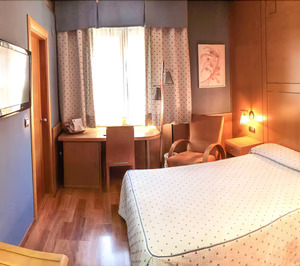 Grupo Reino Hoteles reforma uno de sus establecimientos de Granada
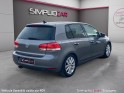 Volkswagen golf 1.4 tsi 122 style dsg7 caméra de recul sièges chauffants régulateur garantie 12 mois occasion barberey...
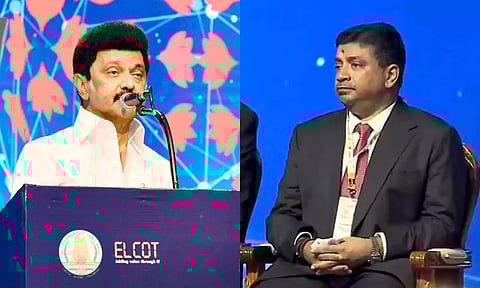 "பி.டி.ஆர். பழனிவேல் தியாகராஜனை மாற்றியது ஏன்?" - மு.க.ஸ்டாலின் விளக்கம்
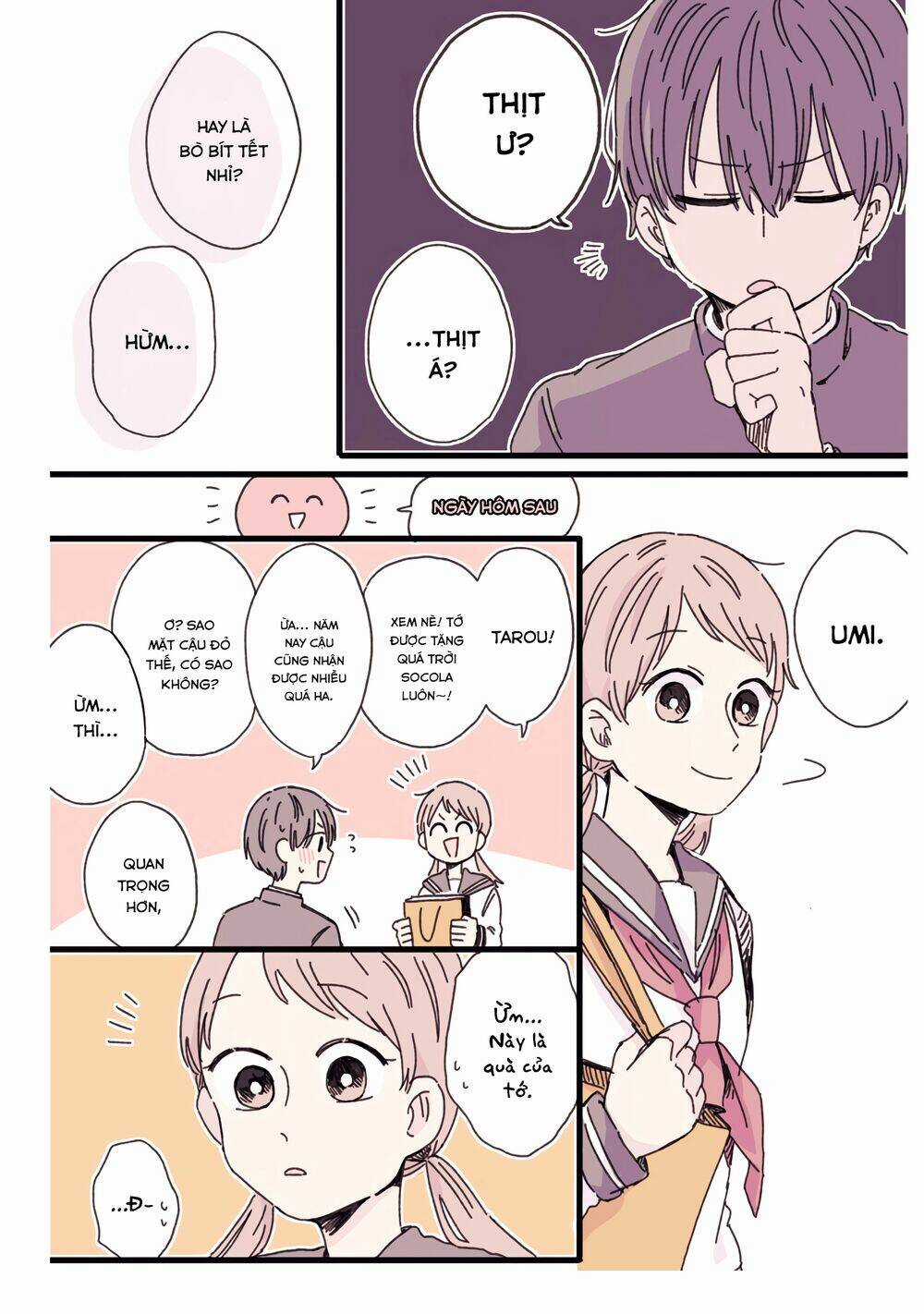 Kimi Ga Shinu Made Ato 100 Nichi Chapter 31.5 trang 7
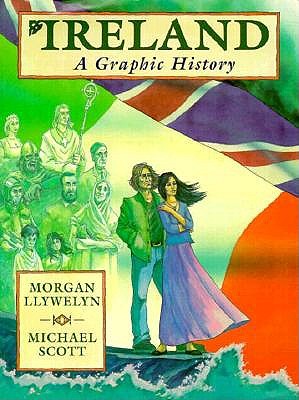 Image for Ireland: A Graphic History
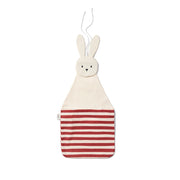 2-I-1 Toto Bunny Wandorganizer & Tragetasche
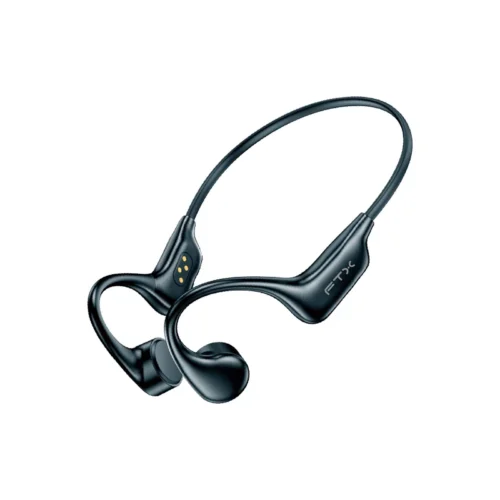 Auriculares Earphone FTX E09S-BK BT/Mic/Touch/32 GB/IPX8 negro
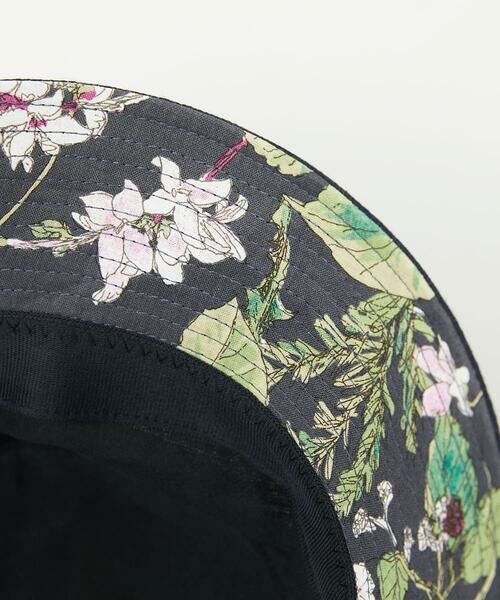 GIANNI LO GIUDICE / ジャンニ・ロ・ジュディチェ キャップ | フレンチリネンハット | 詳細5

◆ What is needed
Any picture in the data is to be skipped, while each line is returned exactly as written.

◆ Reply to the task
 Grupo Reino Hoteles reforma uno de sus establecimientos de Granada
 Volkswagen golf 1.4 tsi 122 style dsg7 caméra de recul sièges chauffants régulateur garantie 12 mois occasion barberey...
 "பி.டி.ஆர். பழனிவேல் தியாகராஜனை மாற்றியது ஏன்?" - மு.க.ஸ்டாலின் விளக்கம்
 Kimi Ga Shinu Made Ato 100 Nichi Chapter 31.5 trang 7
 Image for Ireland: A Graphic History
 2-I-1 Toto Bunny Wandorganizer & Tragetasche
 Auriculares Earphone FTX E09S-BK BT/Mic/Touch/32 GB/IPX8 negro
 GIANNI LO GIUDICE / ジャンニ・ロ・ジュディチェ キャップ | フレンチリネンハット | 詳細5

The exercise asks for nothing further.